### EXERCISE GOAL
Every line from the one containing "Rotes Herz mit" to the one containing "Monteur ontstopt met" in the records below, both included, must be set down exactly, and no other line.

### RECORDS SHOWN
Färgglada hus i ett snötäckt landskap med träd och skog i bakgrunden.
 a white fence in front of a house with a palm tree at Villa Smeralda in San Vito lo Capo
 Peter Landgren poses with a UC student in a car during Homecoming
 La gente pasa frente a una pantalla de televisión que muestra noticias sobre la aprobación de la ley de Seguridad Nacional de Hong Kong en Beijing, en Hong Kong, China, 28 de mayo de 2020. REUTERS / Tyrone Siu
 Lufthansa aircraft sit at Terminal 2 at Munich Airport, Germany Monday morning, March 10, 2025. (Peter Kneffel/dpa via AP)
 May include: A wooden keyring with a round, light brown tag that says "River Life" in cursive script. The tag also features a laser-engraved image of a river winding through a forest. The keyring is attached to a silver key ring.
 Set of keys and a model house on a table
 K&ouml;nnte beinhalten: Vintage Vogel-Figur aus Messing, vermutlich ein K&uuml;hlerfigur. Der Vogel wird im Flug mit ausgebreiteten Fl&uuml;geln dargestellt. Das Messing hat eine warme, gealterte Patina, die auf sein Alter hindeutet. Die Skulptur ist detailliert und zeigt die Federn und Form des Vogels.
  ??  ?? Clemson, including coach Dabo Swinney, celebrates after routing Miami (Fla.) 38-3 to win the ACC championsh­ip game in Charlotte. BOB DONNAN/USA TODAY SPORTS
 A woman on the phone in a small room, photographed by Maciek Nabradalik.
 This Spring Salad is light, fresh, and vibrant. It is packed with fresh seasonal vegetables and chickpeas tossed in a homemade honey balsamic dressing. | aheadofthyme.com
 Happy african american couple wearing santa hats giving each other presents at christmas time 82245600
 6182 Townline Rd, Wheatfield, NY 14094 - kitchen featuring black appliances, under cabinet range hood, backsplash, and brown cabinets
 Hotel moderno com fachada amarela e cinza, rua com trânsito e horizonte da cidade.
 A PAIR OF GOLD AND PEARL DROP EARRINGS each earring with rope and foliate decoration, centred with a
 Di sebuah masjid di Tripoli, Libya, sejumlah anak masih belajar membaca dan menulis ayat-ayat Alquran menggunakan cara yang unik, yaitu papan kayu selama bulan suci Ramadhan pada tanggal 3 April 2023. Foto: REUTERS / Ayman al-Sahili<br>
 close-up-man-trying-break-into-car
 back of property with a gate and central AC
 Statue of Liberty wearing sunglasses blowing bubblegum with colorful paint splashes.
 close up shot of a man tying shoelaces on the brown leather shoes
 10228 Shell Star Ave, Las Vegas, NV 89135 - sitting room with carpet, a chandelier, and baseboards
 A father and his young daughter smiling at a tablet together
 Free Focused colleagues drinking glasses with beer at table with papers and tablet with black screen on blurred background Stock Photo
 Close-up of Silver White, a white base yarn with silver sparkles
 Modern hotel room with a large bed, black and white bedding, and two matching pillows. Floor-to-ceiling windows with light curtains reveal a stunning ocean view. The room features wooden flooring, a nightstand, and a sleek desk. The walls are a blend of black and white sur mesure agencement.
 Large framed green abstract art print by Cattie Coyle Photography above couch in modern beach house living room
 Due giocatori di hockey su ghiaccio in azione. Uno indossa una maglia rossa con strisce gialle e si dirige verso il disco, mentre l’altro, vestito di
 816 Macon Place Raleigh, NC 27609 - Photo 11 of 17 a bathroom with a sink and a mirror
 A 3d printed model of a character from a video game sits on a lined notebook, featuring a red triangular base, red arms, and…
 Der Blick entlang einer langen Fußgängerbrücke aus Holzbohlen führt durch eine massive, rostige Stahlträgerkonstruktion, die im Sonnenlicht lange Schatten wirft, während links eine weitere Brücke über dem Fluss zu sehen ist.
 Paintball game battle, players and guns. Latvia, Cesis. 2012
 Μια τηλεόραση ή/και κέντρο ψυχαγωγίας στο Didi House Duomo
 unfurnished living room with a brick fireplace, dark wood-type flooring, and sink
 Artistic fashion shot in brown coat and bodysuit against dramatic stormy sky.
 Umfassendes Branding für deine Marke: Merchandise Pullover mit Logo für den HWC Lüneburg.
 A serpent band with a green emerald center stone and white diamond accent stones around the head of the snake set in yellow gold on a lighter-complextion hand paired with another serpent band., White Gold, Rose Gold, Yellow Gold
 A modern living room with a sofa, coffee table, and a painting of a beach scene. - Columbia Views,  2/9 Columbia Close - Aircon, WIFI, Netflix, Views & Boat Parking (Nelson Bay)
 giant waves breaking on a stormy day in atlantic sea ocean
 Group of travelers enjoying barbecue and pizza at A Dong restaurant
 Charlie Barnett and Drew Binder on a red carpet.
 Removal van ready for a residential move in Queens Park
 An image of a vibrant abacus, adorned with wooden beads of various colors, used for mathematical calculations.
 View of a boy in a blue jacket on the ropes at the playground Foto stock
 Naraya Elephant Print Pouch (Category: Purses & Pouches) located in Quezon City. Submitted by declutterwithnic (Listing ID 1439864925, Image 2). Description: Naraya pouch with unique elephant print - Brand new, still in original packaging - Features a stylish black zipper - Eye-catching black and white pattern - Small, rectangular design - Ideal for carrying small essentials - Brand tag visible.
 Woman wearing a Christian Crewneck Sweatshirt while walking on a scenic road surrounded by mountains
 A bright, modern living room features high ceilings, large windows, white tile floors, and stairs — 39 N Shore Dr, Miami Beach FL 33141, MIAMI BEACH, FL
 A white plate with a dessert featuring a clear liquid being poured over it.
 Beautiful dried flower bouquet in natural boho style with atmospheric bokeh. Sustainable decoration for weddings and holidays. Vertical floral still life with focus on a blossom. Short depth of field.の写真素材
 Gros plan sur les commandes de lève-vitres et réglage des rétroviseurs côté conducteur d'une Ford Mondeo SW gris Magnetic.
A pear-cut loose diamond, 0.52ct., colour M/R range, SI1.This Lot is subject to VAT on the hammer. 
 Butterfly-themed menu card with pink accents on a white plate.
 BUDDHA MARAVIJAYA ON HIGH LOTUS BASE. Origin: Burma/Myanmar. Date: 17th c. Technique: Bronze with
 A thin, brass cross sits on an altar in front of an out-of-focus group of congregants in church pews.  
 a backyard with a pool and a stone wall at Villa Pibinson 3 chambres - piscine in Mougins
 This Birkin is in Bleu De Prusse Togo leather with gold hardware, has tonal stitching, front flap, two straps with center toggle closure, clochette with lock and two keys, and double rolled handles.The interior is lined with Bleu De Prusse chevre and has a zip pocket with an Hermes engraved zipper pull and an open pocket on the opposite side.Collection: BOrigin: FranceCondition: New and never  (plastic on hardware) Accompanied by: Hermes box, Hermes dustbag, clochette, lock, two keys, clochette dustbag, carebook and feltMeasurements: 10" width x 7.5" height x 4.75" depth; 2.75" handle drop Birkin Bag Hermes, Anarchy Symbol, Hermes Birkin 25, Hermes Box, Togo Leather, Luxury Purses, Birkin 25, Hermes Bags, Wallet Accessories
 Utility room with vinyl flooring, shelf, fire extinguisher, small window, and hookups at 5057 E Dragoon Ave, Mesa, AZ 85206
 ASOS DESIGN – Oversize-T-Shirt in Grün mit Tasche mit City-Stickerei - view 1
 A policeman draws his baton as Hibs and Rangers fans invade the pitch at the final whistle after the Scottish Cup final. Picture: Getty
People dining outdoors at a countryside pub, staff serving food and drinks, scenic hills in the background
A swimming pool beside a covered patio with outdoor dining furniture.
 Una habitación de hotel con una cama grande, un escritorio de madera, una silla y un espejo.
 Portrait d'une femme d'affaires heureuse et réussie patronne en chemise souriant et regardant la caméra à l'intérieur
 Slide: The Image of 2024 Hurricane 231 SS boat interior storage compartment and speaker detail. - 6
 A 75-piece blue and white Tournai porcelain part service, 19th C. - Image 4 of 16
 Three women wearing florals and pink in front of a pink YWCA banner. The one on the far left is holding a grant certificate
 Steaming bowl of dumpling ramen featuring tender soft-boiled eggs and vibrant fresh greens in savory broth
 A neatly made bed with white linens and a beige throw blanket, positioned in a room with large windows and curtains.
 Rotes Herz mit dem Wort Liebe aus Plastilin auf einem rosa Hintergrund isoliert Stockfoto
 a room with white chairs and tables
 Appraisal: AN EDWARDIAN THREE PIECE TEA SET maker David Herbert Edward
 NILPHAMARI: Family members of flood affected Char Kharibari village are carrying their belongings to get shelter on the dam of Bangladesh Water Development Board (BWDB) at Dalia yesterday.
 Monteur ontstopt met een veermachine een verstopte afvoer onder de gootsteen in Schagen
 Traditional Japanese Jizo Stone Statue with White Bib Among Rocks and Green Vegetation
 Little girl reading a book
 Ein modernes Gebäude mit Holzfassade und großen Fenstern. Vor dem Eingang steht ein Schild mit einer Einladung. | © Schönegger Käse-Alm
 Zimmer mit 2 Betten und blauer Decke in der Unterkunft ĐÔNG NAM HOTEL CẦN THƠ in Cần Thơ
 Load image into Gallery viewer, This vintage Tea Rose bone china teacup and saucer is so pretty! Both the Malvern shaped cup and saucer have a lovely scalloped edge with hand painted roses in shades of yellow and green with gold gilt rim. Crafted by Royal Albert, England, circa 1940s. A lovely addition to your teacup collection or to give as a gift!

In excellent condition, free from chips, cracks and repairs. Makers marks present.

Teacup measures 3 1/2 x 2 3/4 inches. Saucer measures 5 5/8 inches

### TASK ANSWER
 Rotes Herz mit dem Wort Liebe aus Plastilin auf einem rosa Hintergrund isoliert Stockfoto
 a room with white chairs and tables
 Appraisal: AN EDWARDIAN THREE PIECE TEA SET maker David Herbert Edward
 NILPHAMARI: Family members of flood affected Char Kharibari village are carrying their belongings to get shelter on the dam of Bangladesh Water Development Board (BWDB) at Dalia yesterday.
 Monteur ontstopt met een veermachine een verstopte afvoer onder de gootsteen in Schagen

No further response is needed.